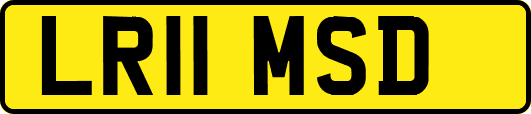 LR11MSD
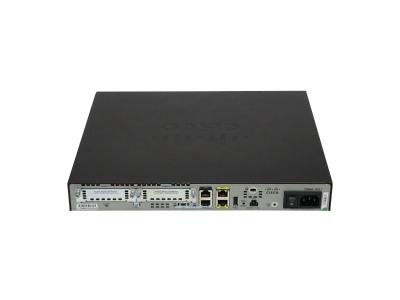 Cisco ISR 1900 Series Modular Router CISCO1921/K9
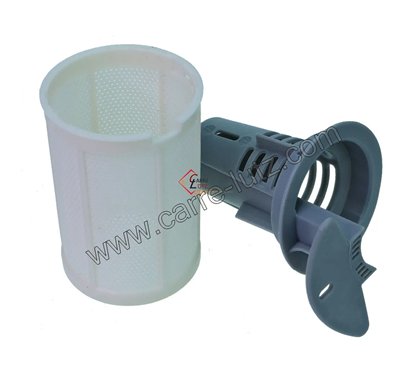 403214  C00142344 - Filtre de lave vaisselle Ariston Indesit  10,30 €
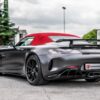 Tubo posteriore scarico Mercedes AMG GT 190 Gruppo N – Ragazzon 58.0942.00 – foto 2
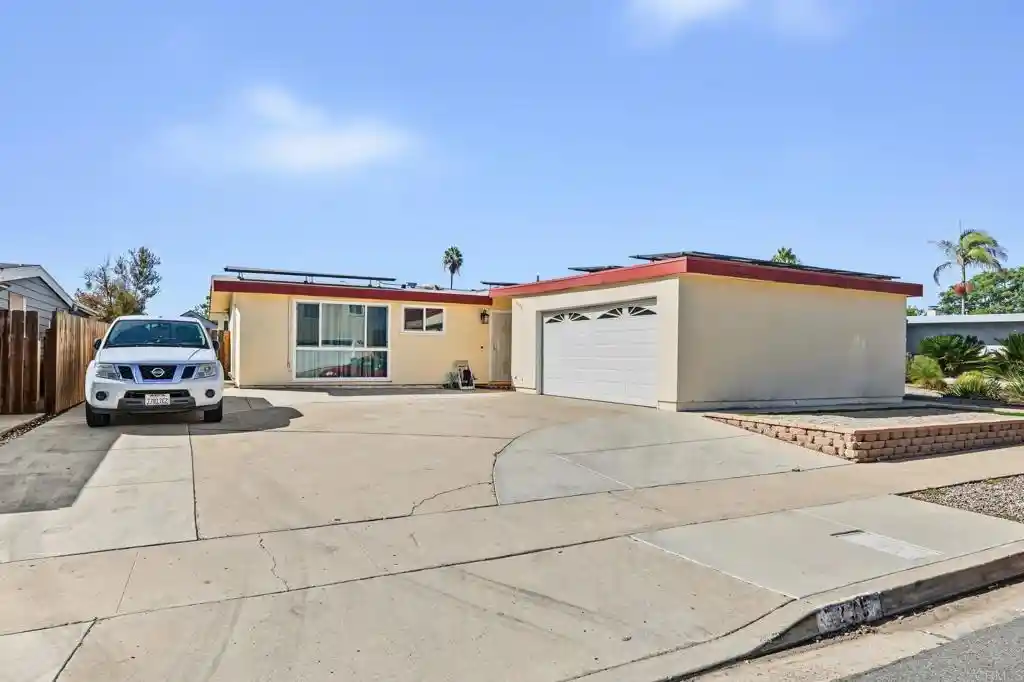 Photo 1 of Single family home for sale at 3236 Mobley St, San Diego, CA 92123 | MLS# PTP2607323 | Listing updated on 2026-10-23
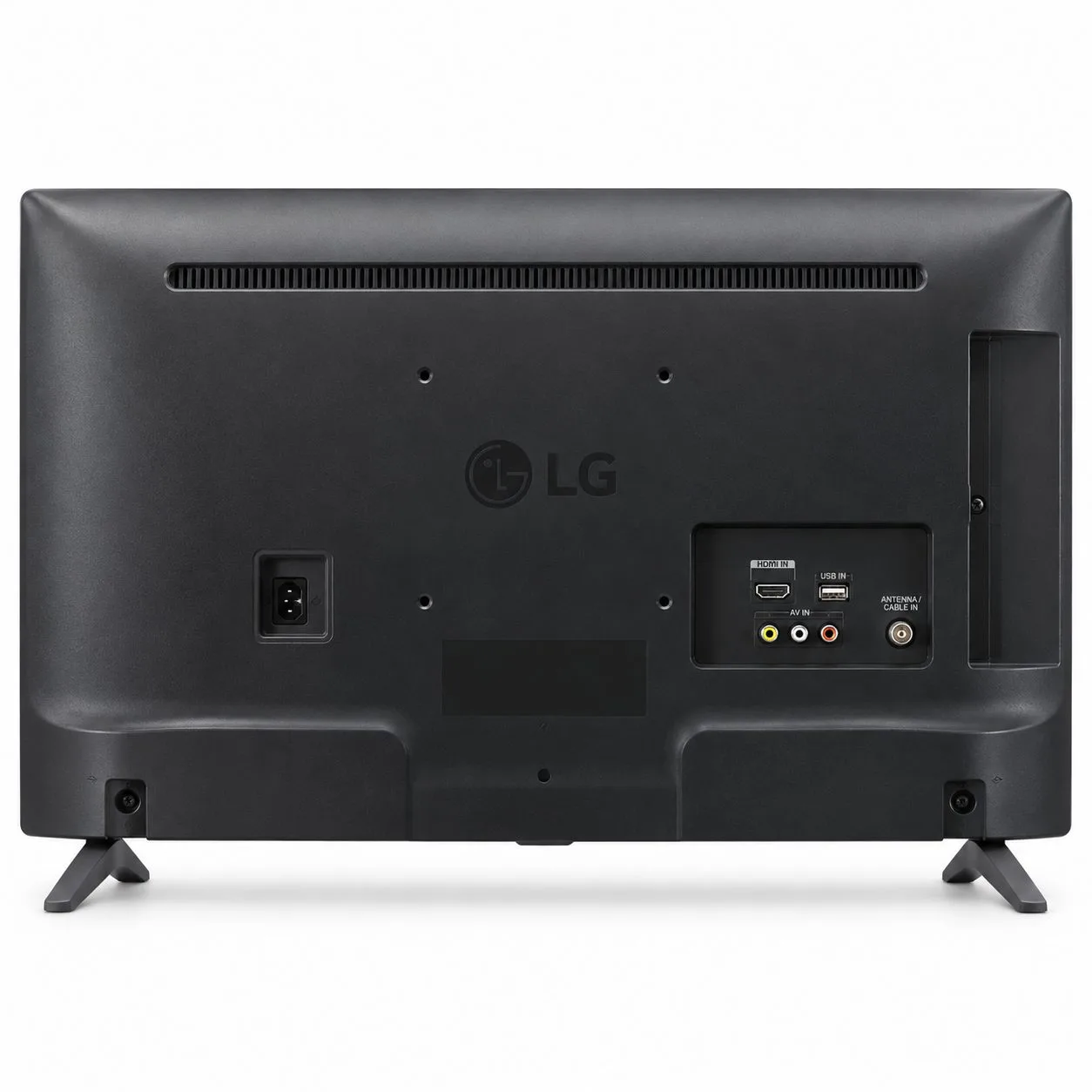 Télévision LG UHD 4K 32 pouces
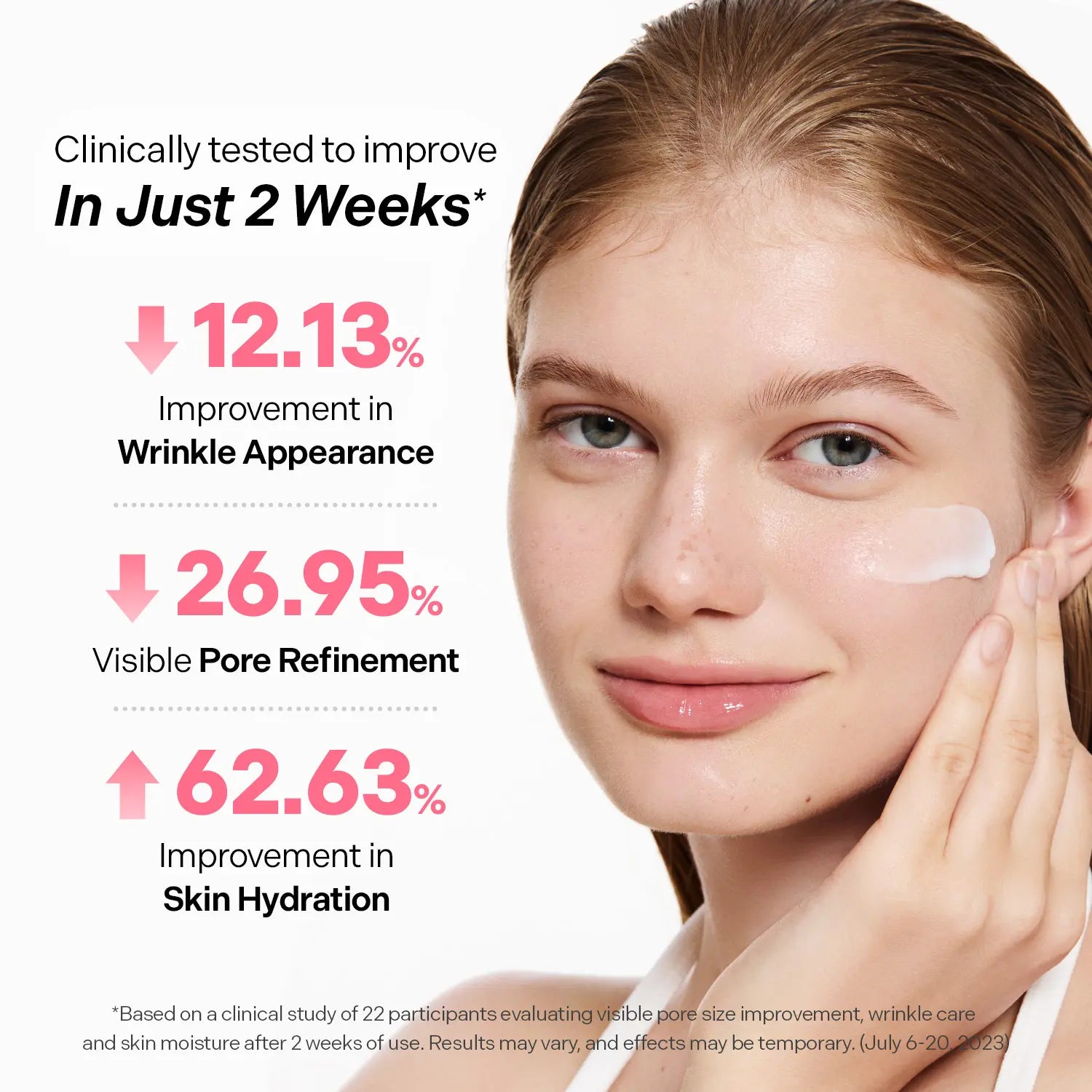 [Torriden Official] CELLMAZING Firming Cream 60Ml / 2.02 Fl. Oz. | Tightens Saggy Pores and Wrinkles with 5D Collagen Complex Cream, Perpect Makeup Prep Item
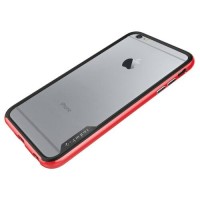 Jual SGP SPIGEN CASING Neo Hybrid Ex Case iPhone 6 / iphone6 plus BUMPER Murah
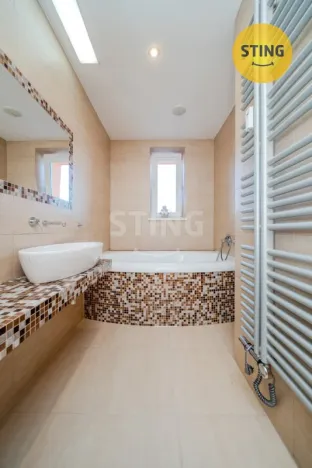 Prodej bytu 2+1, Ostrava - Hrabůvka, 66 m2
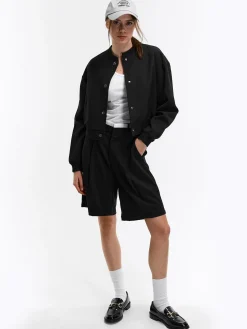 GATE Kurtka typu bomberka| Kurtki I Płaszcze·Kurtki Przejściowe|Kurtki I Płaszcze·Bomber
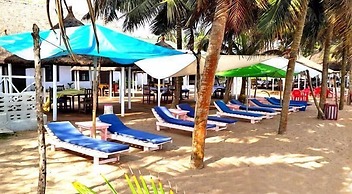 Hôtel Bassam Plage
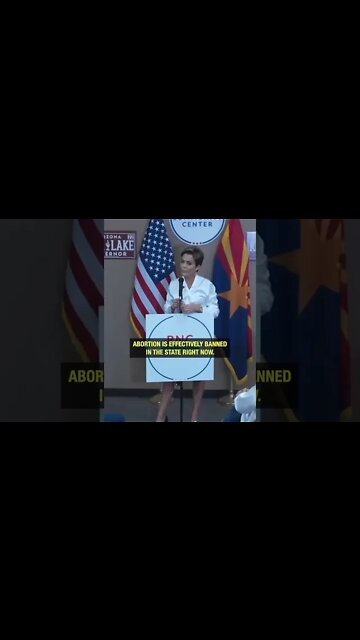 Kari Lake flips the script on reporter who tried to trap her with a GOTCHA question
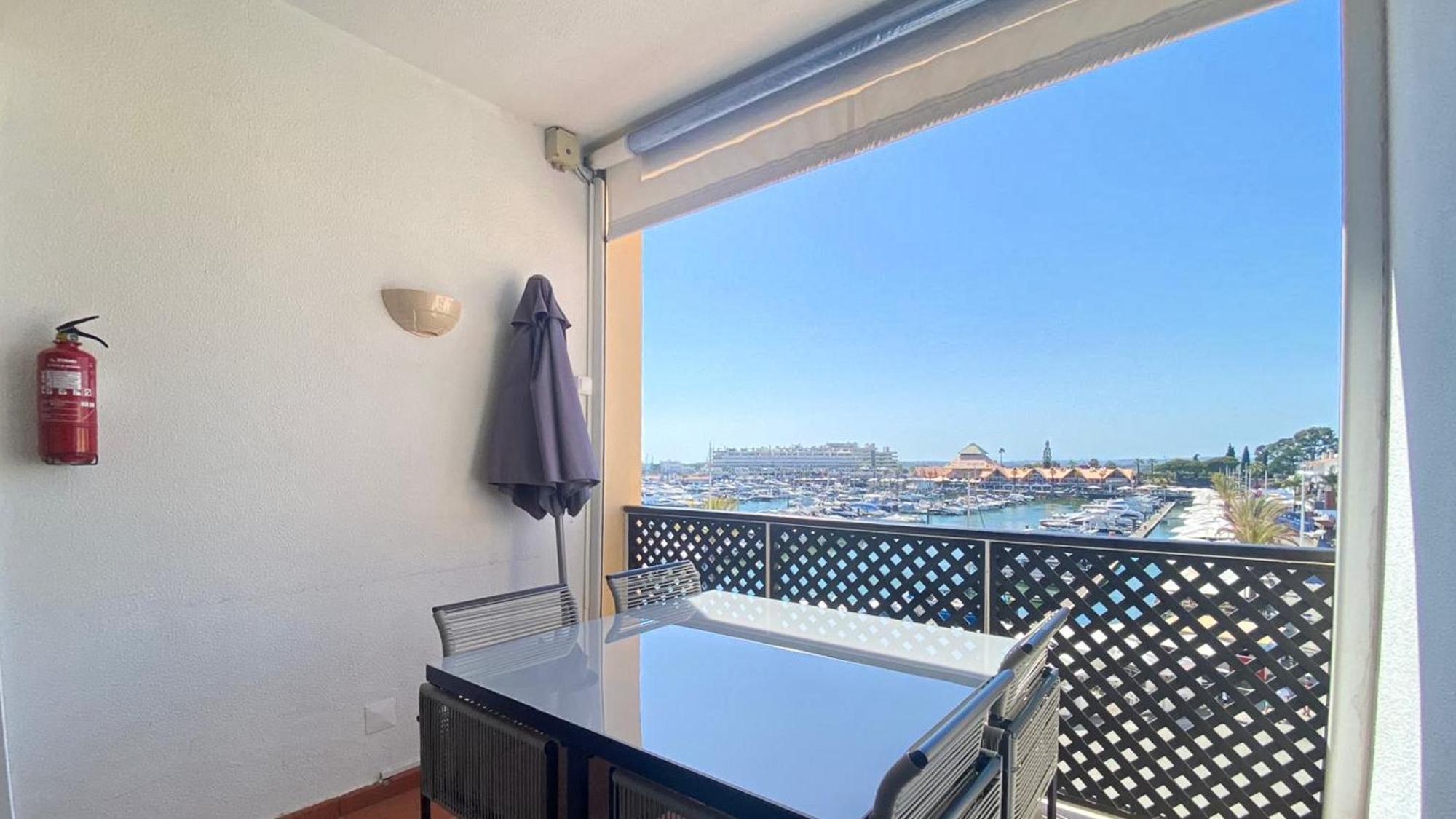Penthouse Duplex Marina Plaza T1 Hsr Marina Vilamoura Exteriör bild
####################
**Problem description:** The lines to set down run from the line with "C00142344 - Filtre" up to and including the line with "Jual SGP SPIGEN" in the entries above. Reproduce them exactly, with no pictures.

**Written answer:**
 403214  C00142344 - Filtre de lave vaisselle Ariston Indesit  10,30 €
 Tubo posteriore scarico Mercedes AMG GT 190 Gruppo N – Ragazzon 58.0942.00 – foto 2
 Photo 1 of Single family home for sale at 3236 Mobley St, San Diego, CA 92123 | MLS# PTP2607323 | Listing updated on 2026-10-23
 Télévision LG UHD 4K 32 pouces
 [Torriden Official] CELLMAZING Firming Cream 60Ml / 2.02 Fl. Oz. | Tightens Saggy Pores and Wrinkles with 5D Collagen Complex Cream, Perpect Makeup Prep Item
 Jual SGP SPIGEN CASING Neo Hybrid Ex Case iPhone 6 / iphone6 plus BUMPER Murah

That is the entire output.